In 2018, the Voice of San Diego asked a demographer and urban planning professor from the University of South California to analyze data from the 2017 U.S. Census, and he found just 46 percent of San Diegans were born in California.
The belief that homeless services attract homeless people from other areas is not unique to San Diego, but persists in many major cities with large homeless populations. San Diego County had the seventh-largest homeless population in 2020 and was 13th in receiving grants from the U.S. Department of Housing and Urban Development in 2021, suggesting that other cities also have well-funded homeless programs.
Reporter Kevin Fagen, who covers homelessness for the San Francisco Chronicle, said about 80 percent of the homeless population in almost every major city nationwide became homeless while living in their city.
The figure is closer to 70 percent in San Francisco, and Fagen said the city does draw people from other places. But he also noted that homeless and housed people occasionally move to new cities, and he said homeless people probably move less often because they tend to stay where they have found a place to sleep and eat.
Despite the consistent data, Fagen said people still ask him to write about homeless people coming to San Francisco.
In 2018, an article in the Seattle Times quoted a researcher who had studied the claim in various cities and found each community believed their homeless population came from other places.
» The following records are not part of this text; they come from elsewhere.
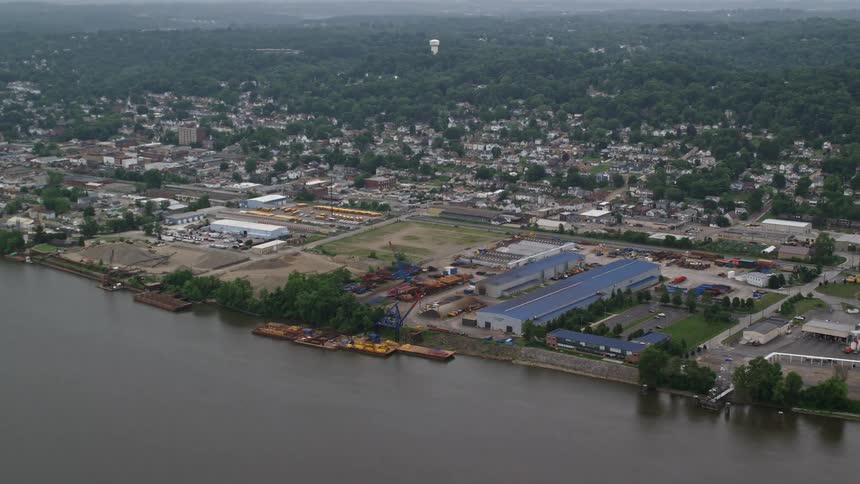 Warehouses by a river near a suburban town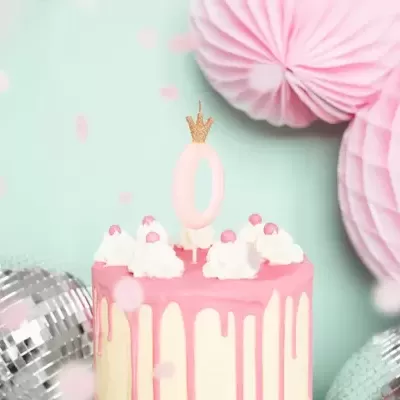 Bolo de aniversário cor-de-rosa e branco com vela decorativa e decoração de papel e bolas de espelho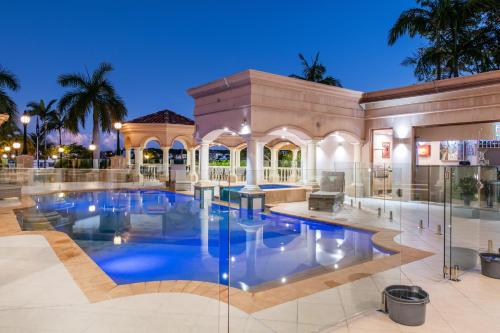 a swimming pool in the middle of a building at Bellagio Gold Coast in Gold Coast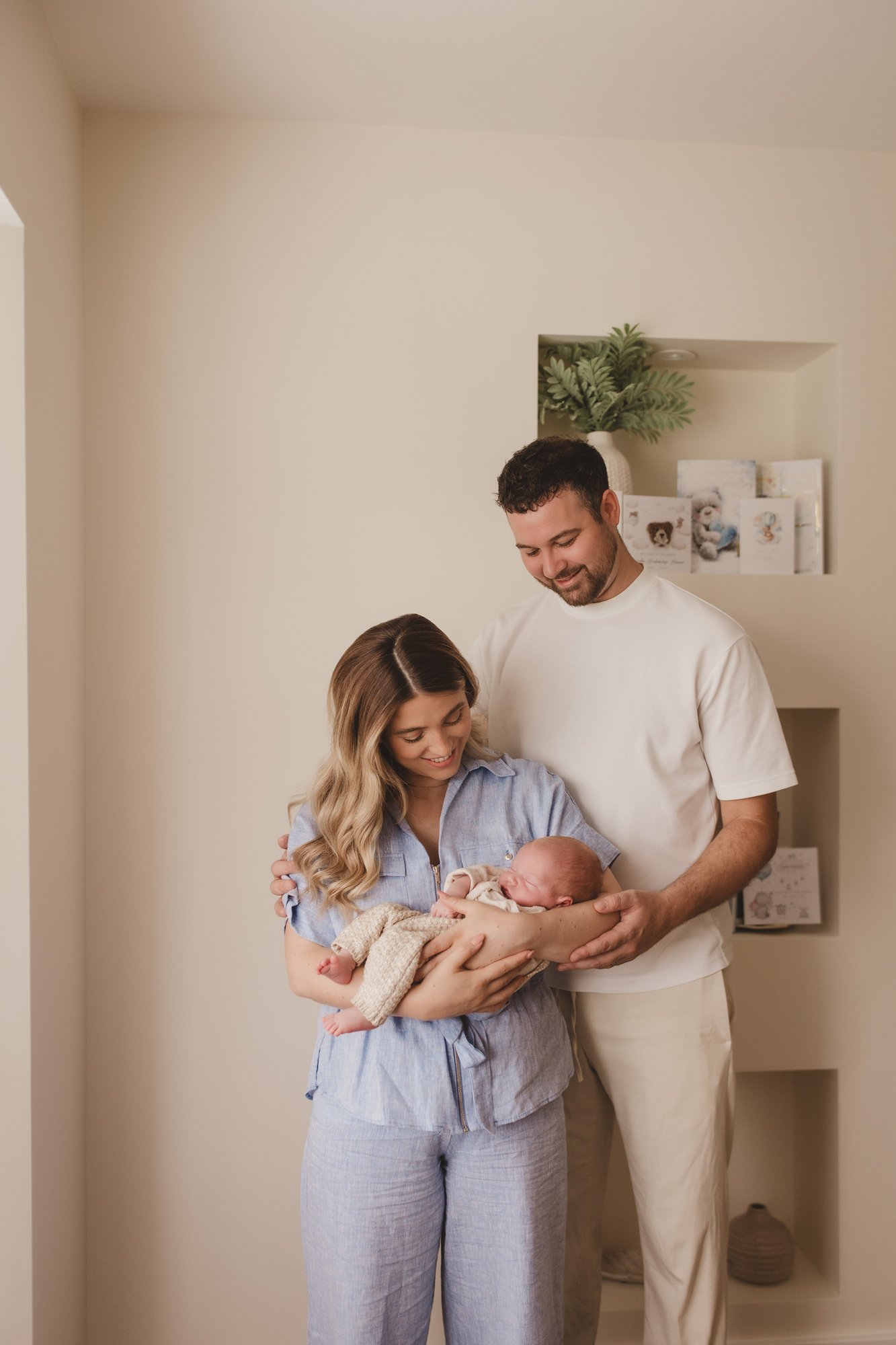 New parents standing together in the nursery holding their newborn baby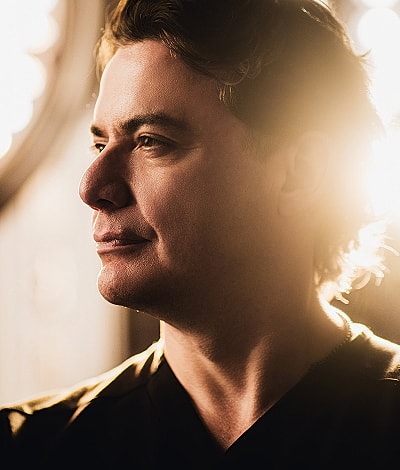 Man in profile with soft lighting around him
In reality, a survey of 900 people in King County, which includes Seattle, found 83 percent of the homeless population were from the county, and almost all said they had been living there at least a year. About a quarter said they were natives or had grown up in the area.
In 2016, Portland, Oregon news station KGW8 reported on a growing perception that the city was attracting homeless people. A survey that year, however, found just 12 percent of people said they were homeless when they came to the area and 20 percent had been in the county less than two years.
In North County, Rodney McGough said he was living in his home in Oceanside when he moved out during a divorce and became homeless in 2006. He once organized a homeless encampment in the city and keeps in touch with others living on the street.
McGough said he believes a minority of homeless people in Oceanside are from the city, and many others came from other cities in the county or from out of state and are just passing through.
"There's a constant stream from San Diego all the way to Seattle, Washington and back," he said. "There's been a back and forth."
His perception differs from data collected by the city of Oceanside's homeless outreach team.
Assistant City Manager Michael Gossman said about 77 percent of people encountered by the outreach team are from Oceanside, about 8 percent are from Carlsbad and about 8 percent are from Escondido.
In the South Bay, Community Through Hope Executive Director Sebastian Martinez said the nonprofit's outreach teams in Chula Vista find about 80 percent of homeless people are from the area, but there has been a change in the past two years.
"We do get folks who are from out of town, typically from Nevada or Arizona," he said.
Martinez said he does not think the out-of-towners are drawn to the area because of homeless services, however. From his encounters, he has found many of the newcomers are addicts, and they came to South Bay believing they could easily get drugs because they would be near Mexico.
"I find that in a lot of cases, they’ve exhausted options where they’re from," he added. "There seems to be a coalition of out-of-town folks with co-occuring issues like substance abuse. They'll say, 'I'm from out of town and kind of ran through my resources there.'"
Still, he believes that the notion that the local homeless population is composed of people from other places is a myth, and he wondered if it was created by folks who do not want to accept that the homeless individuals around them once may have been their local grocery clerk or neighbor.